Bo jak wyobrazić sobie "obowiązek pójścia na mecz"? Jaki obowiązek? Kto nam ten obowiązek narzuca?
Czy rozrywka jest obowiązkiem?  Nie jest.
To wybór sposobu spędzania czasu.
Jeśli czujemy się " wysysani" przez dzisiejszą piłkę, czujemy się drenowani przez piłkarzy to i musimy zdać sobie sprawę że NIC NIE MUSIMY. To nasz wybór. Reszta to bezpłciowe mielenie słomy.

Nie powinniśmy narzekać na klub,bo to nie ONI ,a MY jesteśmy frajerami z naszego własnego wyboru.
ONI robią to co się IM opłaca, czyli tzw BIZNES.
My nie dostając rozrywki jesteśmy żałośni wołając "na puszczy", klepiąc w klawiaturę czasami wywnętrzając swoje frustracje ( niekoniecznie związane ze sportem, a żalem że "nasza wioska GORSZA od innej wioski"). Wręcz żebrząc o... rozrywkę.
A jej nie ma.
Jest nuda i frustracja więc... albo sami zaczniemy grać w piłkę ( z kolegami) chcąc "utrzymać się w dyscyplinie sportu" którą znamy, albo zmieniamy dziedzinę np przerzucając się na kolarstwo czy bieganie albo nawet na narciarstwo.
Moja córka np jeździ na nartach, pływa na żaglach i co dziwne...... ŻYJE BEZ PIŁKI NOŻNEJ!

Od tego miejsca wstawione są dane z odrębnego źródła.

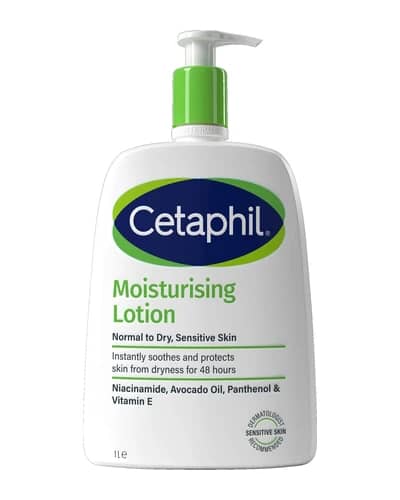 Cetaphil Fluido Idratante 1000 ml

A tak poza konkursem gorąco polecam ten artykuł.
http://www.polsatsport.pl/wiadomosc/2019-02-04/kibice-widzewa-bezkonkurencyjni-po-raz-kolejny-na-stadionie-bedzie-komplet/?ref=aside_najwazniejsze
Będący klasycznym dowodem , że albo się chce albo nie kibicować reszta to po prostu głodne pierdolenie.